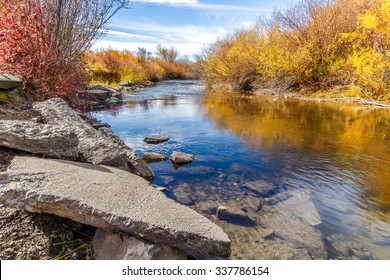 Cherry Creek running through the beautiful autumn landscape of Cherry Creek Nature Preserve on the outskirts of Bozeman, Montana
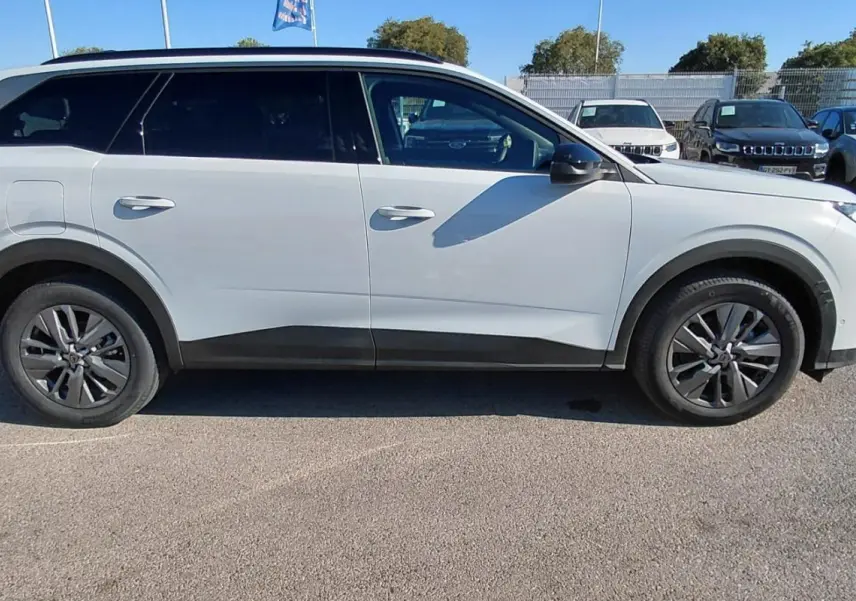 Peugeot 5008 Hybrid blanc vue de profil côté gauche, avec jantes alliage et vitres teintées, stationné en extérieur.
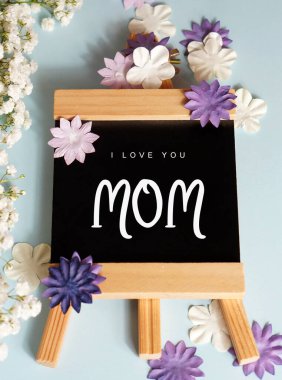 Seni seviyorum anne. Etrafında çiçekler olan bir tahtaya yazılmış kelimeler.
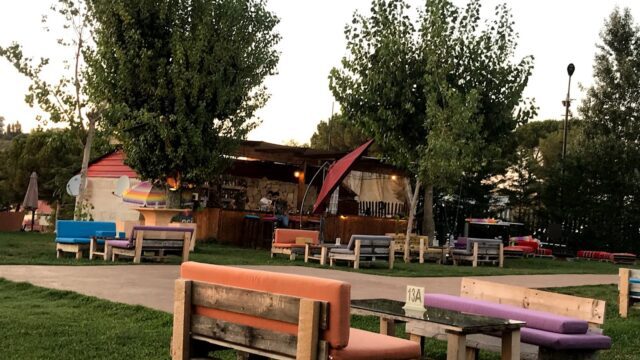 a group of benches and tables in a park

What the task requires>
From the line that contains "Peugeot 5008 Hybrid" through the last line of the listing, copy each line exactly; both end lines stay in, and pictures stay out.

Exercise solution>
 Peugeot 5008 Hybrid blanc vue de profil côté gauche, avec jantes alliage et vitres teintées, stationné en extérieur.
 Seni seviyorum anne. Etrafında çiçekler olan bir tahtaya yazılmış kelimeler.
 a group of benches and tables in a park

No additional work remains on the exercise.